Records contained in a dataset
========
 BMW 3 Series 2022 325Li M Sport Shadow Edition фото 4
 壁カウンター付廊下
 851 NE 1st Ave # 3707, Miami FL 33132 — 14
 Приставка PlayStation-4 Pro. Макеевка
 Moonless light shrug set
========
[WHAT TO PRODUCE] Word for word, return all of the records.

[RESPONSE TO THE EXERCISE]
 BMW 3 Series 2022 325Li M Sport Shadow Edition фото 4
 壁カウンター付廊下
 851 NE 1st Ave # 3707, Miami FL 33132 — 14
 Приставка PlayStation-4 Pro. Макеевка
 Moonless light shrug set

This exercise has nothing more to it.